Section 65(7)3: an exception to the exclusion in section 65(6)

[36] If a record falls within any of the exceptions in section 65(7), it is not excluded from the application of the Act. I have reviewed the exceptions in section 65(7) and find that only paragraph 3 of section 65(7) is relevant. [10] It states that:

This Act applies to the following records:

(3) An agreement between an institution and one or more employees resulting from negotiations about employment-related matters between the institution and the employee or employees.

[37] For the reasons that follow, I find that the exception in paragraph 3 of section 65(7) applies and that the severance amount is therefore not excluded by section 65(6). I am satisfied that the severance amount is derived from an agreement that was the result of negotiations between OPG and a terminated employee.

[38] OPG cites Order P-1302, which I summarize below, and submits that the exception in section 65(7)3 does not apply because it requires the record it created (containing only the severance amount) to be an “agreement” before the Act will apply. OPG says that the severance amount reflects negotiations about the employee’s departure and relates to litigation that may have followed. It submits that the severance amount “is not a final agreement” so that the exception under section 65(7)3 does not apply, and that, in any event, the appellant did not seek access to an agreement, but to information.

[39] As I discuss further below, the evidence before me establishes that OPG and the employee entered into an agreement that included the severance amount paid to the employee, settled the matter of his termination, and avoided potential litigation. I therefore understand OPG’s argument in relation to Order P-1302 to be that the form of the information as it is before me in this appeal is not in the form of a final agreement and that this should determine the matter.

[40] Order P-1302 dealt with a request to the Ministry of Transportation (the ministry) for access to a consulting company’s findings. [11] The record at issue was a report prepared by the consultants. The report was found to be excluded from the Act by operation of section 65(6)3 because it related to staff complaints and therefore communications about employment-related matters. After concluding that the consultants’ report was excluded, the adjudicator considered whether the exception in section 65(7)3 applied.

[41] He wrote that:

The section requires that the record itself be an “agreement” before the Act will apply. It is clear that the Report does not constitute an agreement between the Ministry and any of its employee. Rather, it is, as the title suggests, a “Review of Human Resources Service Delivery Generalist Consultants Positions.” It sets out the process of the review, the information gathering and data analysis findings and recommendations.

Therefore, I find that the Report does not fall within the exception in section 65(7)3. [emphasis in original]

[42] With respect to the reference in section 65(7)3 to an “agreement,” Order P-1302 states only that the record must be an agreement. The record at issue in Order P-1302 did not reflect an agreement, nor was it a record created by the ministry by extracting relevant portions of a final agreement to facilitate the appeal, as OPG says it did in this case. In the appeal before me, the severance amount is the final negotiated amount.
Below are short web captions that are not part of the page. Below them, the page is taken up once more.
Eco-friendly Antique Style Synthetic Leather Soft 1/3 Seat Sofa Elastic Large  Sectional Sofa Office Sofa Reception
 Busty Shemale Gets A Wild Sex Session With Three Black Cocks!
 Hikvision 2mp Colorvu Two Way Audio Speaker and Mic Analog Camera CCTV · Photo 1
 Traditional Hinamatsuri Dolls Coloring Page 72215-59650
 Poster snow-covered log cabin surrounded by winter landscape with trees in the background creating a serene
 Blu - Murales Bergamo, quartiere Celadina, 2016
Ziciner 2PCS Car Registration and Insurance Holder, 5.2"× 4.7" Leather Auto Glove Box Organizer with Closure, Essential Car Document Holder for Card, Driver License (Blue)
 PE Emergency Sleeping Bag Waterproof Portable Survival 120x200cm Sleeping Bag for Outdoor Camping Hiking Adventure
[43] OPG also says that, in Order MO-1941, the IPC held that records which reflect a “step in the negotiation” that led to a final agreement are excluded under the employment exclusion. [12] OPG submits that the severance amount sought by the requester is “one piece of information reflecting one part of confidential negotiations” with a former employee.

[44] I likewise find this order to be of limited application to the current appeal.

[45] In Order MO-1941, the adjudicator held that two of three records at issue – a release agreement and a memorandum of agreement – “fell within the ambit of the exception” in the municipal equivalent of section 65(7)3. [13] The adjudicator found that the third record, a termination letter with an offer to settle, did not fall within the exception because it did not represent an agreement, but was rather “merely the first step in the negotiation that led to the creation of” the two agreements at issue.

[46] Based on all of the material before me, I cannot conclude that the severance amount, albeit contained in a record created for the purpose of this appeal, represents, or contains information that represents, a mere step in the parties’ negotiation. According to OPG’s representations, the severance amount represents a uniquely negotiated settlement, completed in part to avoid potential litigation arising from the employee’s termination. It does not contain an offer, but contains the final, agreed-upon severance amount that, according to OPG’s representations, “settled potential litigation.”

[47] OPG has not provided evidence that the information in the record does not represent the parties’ final agreement regarding the amount of severance that was to be paid to the employee. OPG itself states that the amount is a “negotiated settlement amount” that was the result of highly unique settlement negotiations intended to finalize the terms of the employee’s departure and to avoid litigation.

[48] Past IPC orders have found that severance agreements are subject to the exception in section 65(7)3 (and its municipal equivalent). [14] In my view, to find that the negotiated agreement between OPG and its former employee is not an “agreement” for the purpose of section 65(7) simply because it appears in a format created by the OPG to facilitate the appeal would serve to improperly circumvent the exception. The evidence before me is clear and I find that the severance amount is the parties’ final agreement on the employee’s severance payment and is part of the parties’ final agreement regarding the terms of the employee’s departure.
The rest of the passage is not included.